- (Attaching documents to records
- (Treating a normal data field as an attachment
- (Dead-simple document management: filesystem plus metadata
- (Multiple attachments and references: the folder model
- (Version control
- (Checkin and checkout
- (Retention management
- (Recipe: mailing documents into an archive
- (Recipe: tracking a CVS system
(Attaching documents to records
An attachment is an ``out-of-band'' form of data. A record may have any number of attachments, which are named as though they were fields. However, the data in an attachment is assumed to be large, and it may also be assumed that it is a binary file (you can mark an attachment as text if you want to be able to handle it as text).

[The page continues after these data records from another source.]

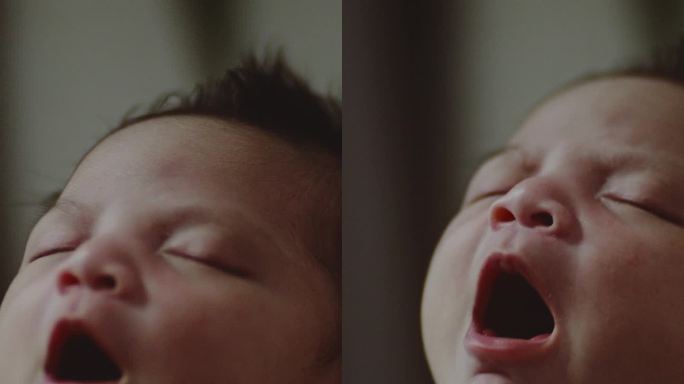 婴儿呼吸系统竖屏发育不良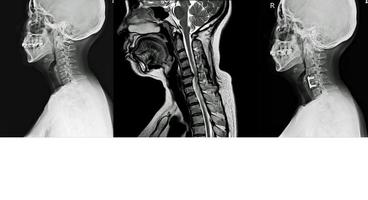 radiographie et irm du rachis cervical antécédent de douleurs cervicales, irradier vers les bras, exclure une arthrose cervicale. photo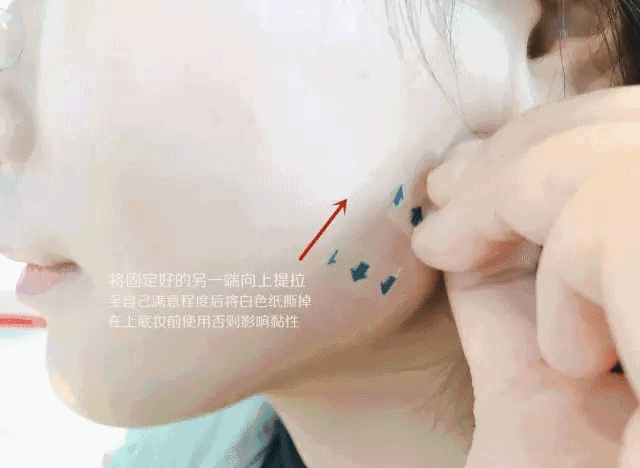 基本上就是贴在脸上的 大力透明胶……能把肉使劲的扥上去.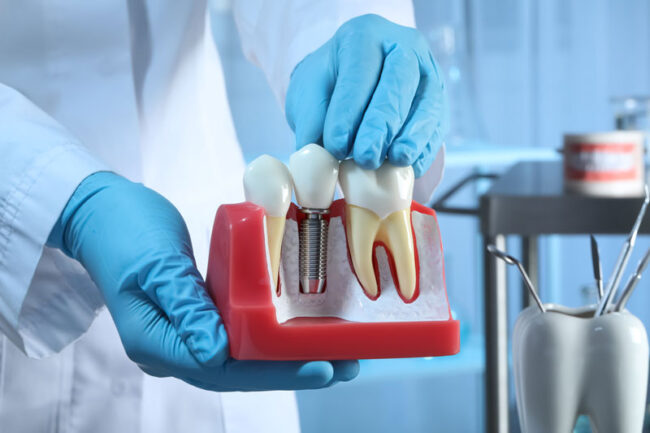 2024-05 – doctor holding impant model Discover the benefits of dental implants: restore your smile and confidence with our expert implant services. Schedule a consultation today!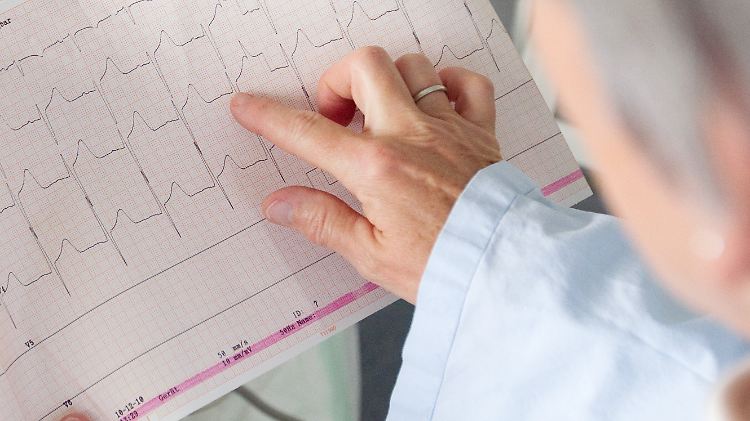Mit einem Elektrokardiogramm (EKG) werden die elektrischen Aktivitäten aller Herzmuskelfasern aufgezeichnet.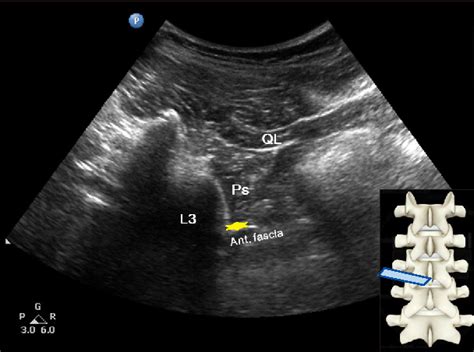 Figure 2 From A Brief Report On A Technical Description Of Ultrasound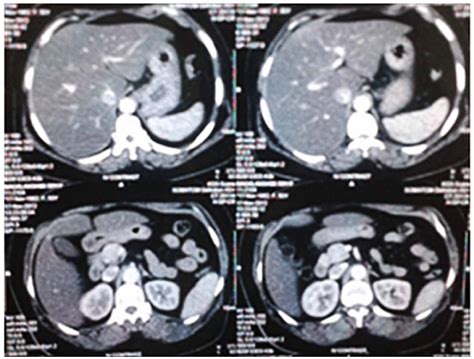 scanliver|liver scan definition.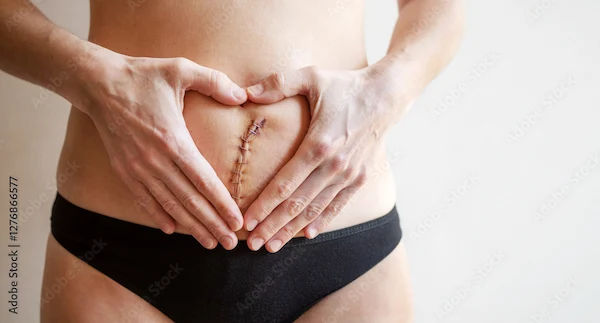 Husband Feels Stitches After Hysterectomy: Know Why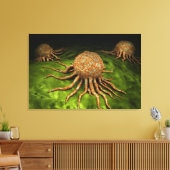 Mikroskopische Sicht auf das Krebsvirus Leinwanddruck (Insitu (Wohnzimmer))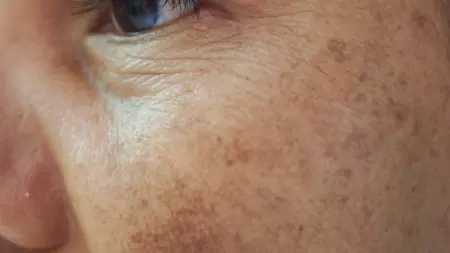 Treatment Renew Aesthetic Clinic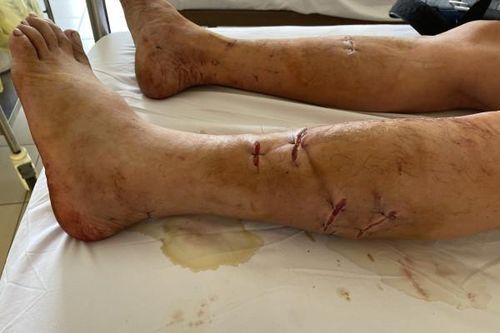 Bị khỉ cắn, hai vợ chồng nhập viện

Attachments are generally stored separately from the contents of the data fields. (This isn't always the case; you can tell a list you want to treat a normal data field as an attachment, and it will happily do so.) A convenient way to do this is to reserve a subdirectory for storage of attachments in files. In this case, the filename is generally just a number used to index into the files.
(Treating a normal data field as an attachment
(Dead-simple document management: filesystem plus metadata
Document management is the term used to describe a system to control access to and updates of these large binary items. There are, as always, several ways of organizing this type of access. The simplest way to use document management is simply to set up a list which tracks the contents of a document repository, with one attachment per record, and to allow new versions to replace old ones. This is effectively a ``filesystem plus metadata'' model, and there are plenty of places where it's all you'll need.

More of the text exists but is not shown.